During each condition, the FRA system measured the linear distance from the initial point of center of pressure (COP) to the swayed point of COP in two-dimensional plane every 16 ms for a total of 30 seconds. Sway index was obtained by calculating the average of all measured linear distances. Thus, it represented the average absolute displacement of the COP. The sway index score was derived from each sway index of Conditions 2, 3, and 4. High sway index indicated poor ability to maintain balance. Low sway index score in Condition 2 indicated that somatosensory and vestibular functions were compromised. Low sway index score in Condition 3 indicated that visual and vestibular functions were compromised. Low sway index score in Condition 4 indicated that vestibular function was disrupted.

Maintaining balance while standing on a firm, flat surface involves roughly 70% somatosensory input, 20% vestibular input, and 10% visual input whereas standing on a foam surface or a slope involves roughly 70% vestibular input, 20% visual input, and 10% somatosensory input. Thus, the sway index score of Conditions 2, 3, and 4 can be used to differentiate balancing ability of somatosensory, visual, and vestibular systems [20]. The sensory system score was calculated by weighting the sway index scores of Conditions 2, 3, and 4 by 70%, 10%, and 20%, respectively.

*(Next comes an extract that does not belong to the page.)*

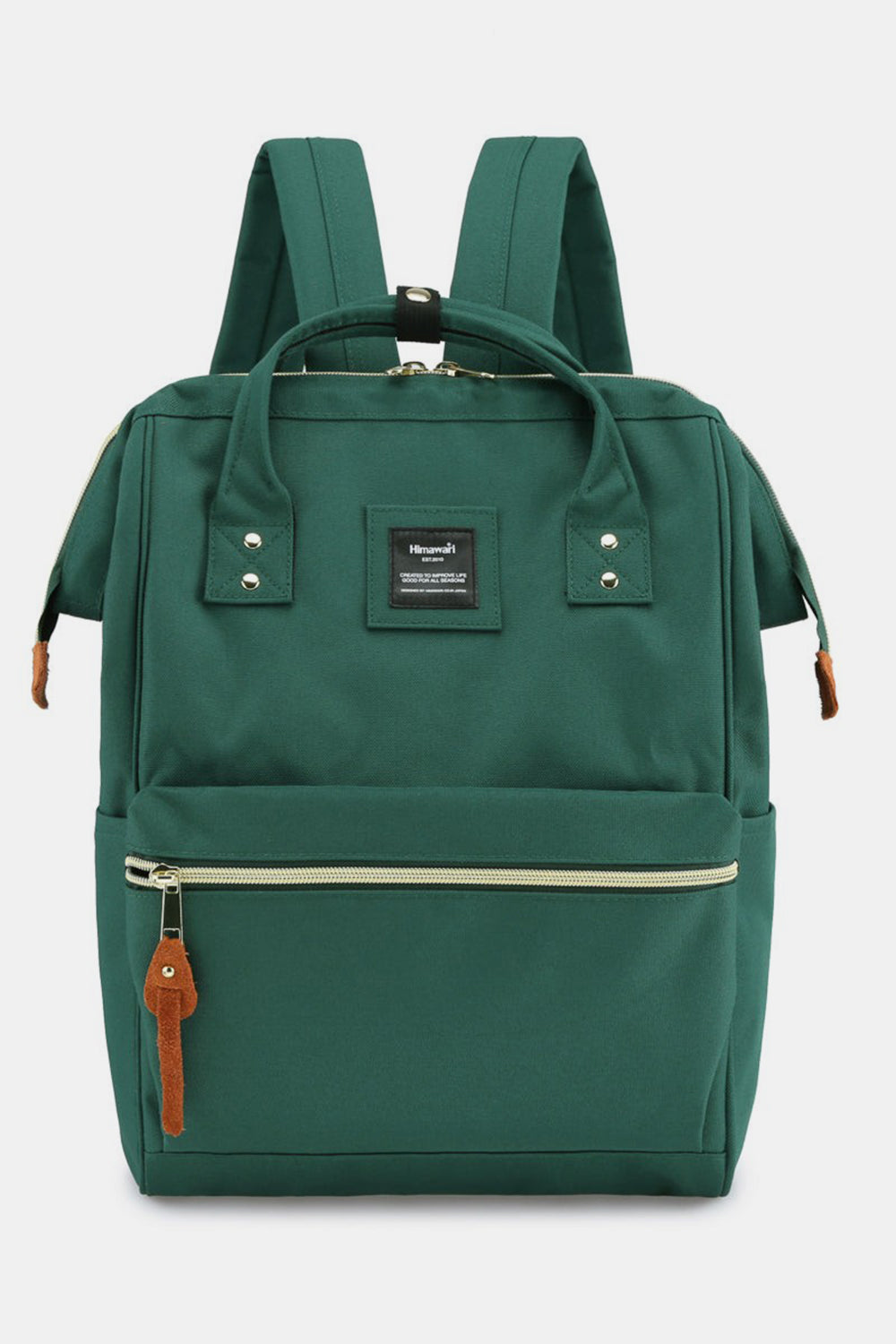 Waterproof Canvas Backpack Bag with Side Pockets. Computer Bag. Work Bag. Book bag. 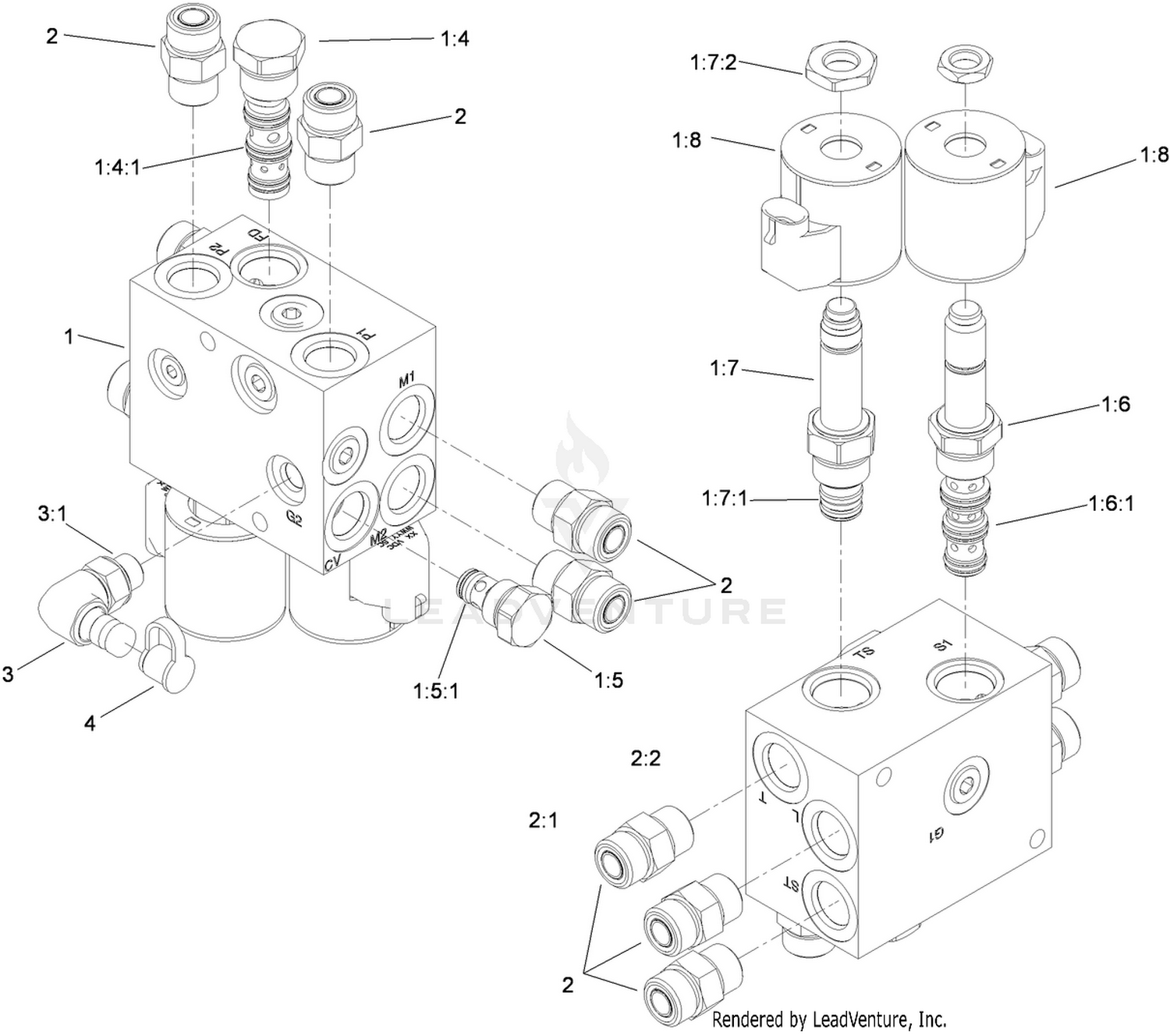 Fan Drive Manifold Assembly No. 119-3943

Reaction time and latent reaction time tests for reaction score

The reaction time and latent reaction time tests were also performed on the force platform. At the beginning of the test, four fan-shaped buttons appeared on the upper side of the screen and the subject’s finger was placed on the semi-circular button on the lower center of the screen (Fig. 2B). This test measured the reaction time and latent reaction time in unit of seconds. The reaction time was defined as the time taken for the subject to touch the illuminated fan-shaped button from the moment 4 buttons lit up on the screen while the latent reaction time was defined as the time taken for the subject to take the finger off the semi-circular button and press the illuminated button when one of these 4 buttons lit up on the screen. The test was repeated 10 times. The average value was used to calculate the reaction time score and the latent reaction time score. The reaction score was obtained from the mean value of reaction time scores and latent reaction time scores.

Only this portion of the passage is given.